When the South Australian Auditor General tabled his annual report to Parliament, he made a number of clear observations that should resonate well beyond the South Australian border.
The Auditor summarised key messages from a number of audits undertaken throughout the year. One of the audits focussed specifically on Information Systems Management and Security.
"There should be the highest standards of security over government systems and information through the proper functioning and authorised access to the systems and information," the Auditor opened.
In the last year, four agencies were audited:
- South Australian Police (SAPOL);
- The Public Trustee;
- DTEI; and
A common problem was the lack of an identified business owner. The Auditor correctly noted that without a Business Owner it was quite difficult to apply business criteria to information security and to ensure its ongoing application.
The Auditor General backed up his claims with instances where:
- User security access rights were being applied far too loosely, and
- Some sensitive information had been sent across the government network to non-government entities without being risk assessed and considered for encryption.

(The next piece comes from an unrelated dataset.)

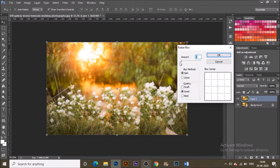You can see that if the amount is increased too much, there is too much happening in the background, so set a moderate amount and hit OK.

Additional concerns were raised where key database management and operating system software was found to be out of date, and that removable media was being used for transport of confidential data without being encrypted.
The Auditor General indicated that further focus is necessary to "prevent risks of unauthorised access that could compromise confidentiality, integrity and availability of the systems and information."
He signalled his intention to continue "focus of review of government systems’ information security and control." This will include major existing, developing or newly implemented systems of government. He will also relate further with the Office of the Chief Information Officer on the Government agency wide implications of these matters.